1. The disorderly conduct statute was not unconstitutionally applied, there having been ample evidence that the action of appellant, who had no constitutional right to observe the ticketing process or engage the issuing officer in conversation, was interfering with enforcement of traffic laws. Pp. 108—110.

2. The statute is not impermissibly vague or broad as 'citizens who desire to obey (it) will have no difficulty in understanding it,' and, as construed by the Kentucky court, individuals may not be convicted thereunder merely for expressing unpopular ideas. Pp. 110—111 3. Kentucky's two-tier system does not violate the Due Process Clause, as it imposes no penalty on those who seek a trial de novo after having been convicted in the inferior court. The Kentucky procedure involves a completely fresh determination of guilt or innocence by the superior court which is not the court that acted on the case before and has no motive to deal more strictly with a de novo defendant than it would with any other. North Carolina v. Pearce, supra, distinguished. Pp. 112—119.

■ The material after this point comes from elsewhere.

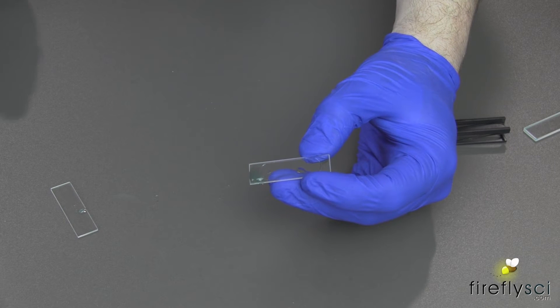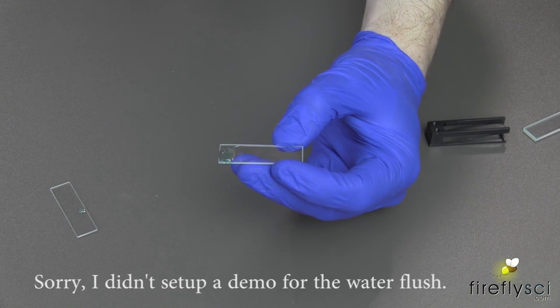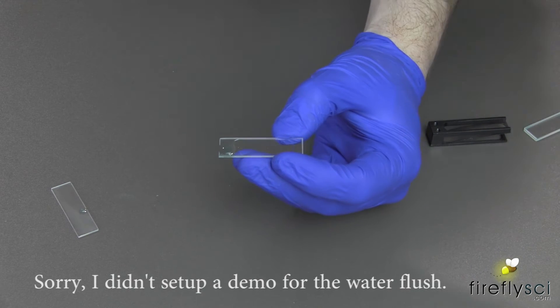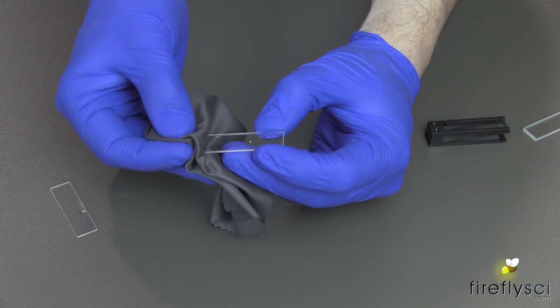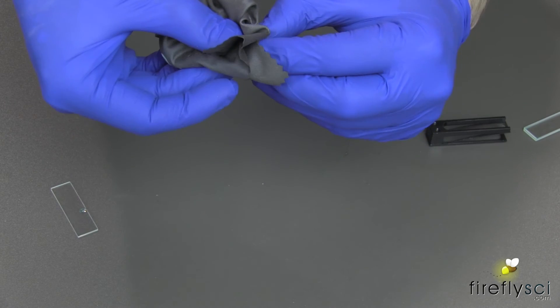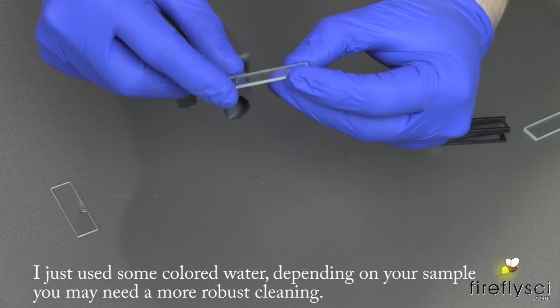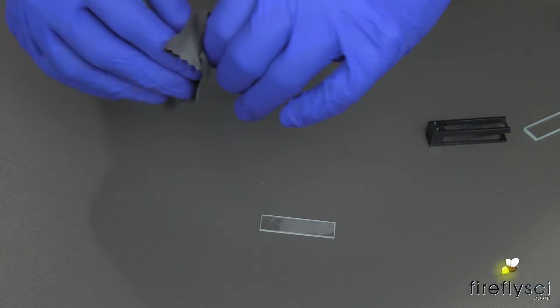Since it can be taken apart, it's really easy to clean. One way to clean this cell is to flush the cuvette with purified water and dry on the cell rack or with a lens cloth. I'm going to go ahead and use a lens cloth for this one since it's just a small dot on the end — just suck it right up. Then go ahead and wipe down the groove plate and also the cover plate as well.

4. The Double Jeopardy Clause does not prohibit an enhanced sentence on reconviction. North Carolina v. Pearce, supra, 395 U.S. at 719—720, 89 S.Ct. at 2077—2078. Pp. 119—120.

467 S.W.2d 374, affirmed.

Alvin L. Goodman for appellant.

Robert W. Willmott, Jr., for appellee, pro hac vice, by special leave of Court.

Mr. Justice WHITE delivered the opinion of the Court.

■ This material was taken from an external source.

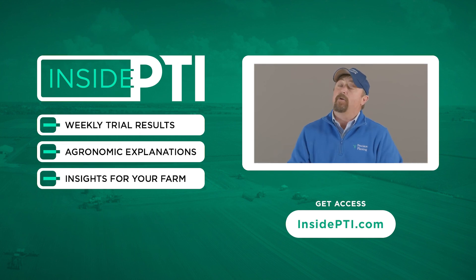That's all the time we have for today. We will see you on the next episode of Inside PTI. Thank you.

This case presents two unrelated questions. Appellant challenges his Kentucky conviction for disorderly conduct on the ground that the conviction and the State's statute are repugnant to the First and Fourteenth Amendments. He also challenges the constitutionality of the enhanced penalty he received under Kentucky's two-tier system for adjudicating certain criminal cases, whereby a person charged with a misdemeanor may be tried first in an inferior court and, if dissatisfied with the outcome, may have a trial de novo in a court of general criminal jurisdiction but must run the risk, if convicted, of receiving a greater punishment.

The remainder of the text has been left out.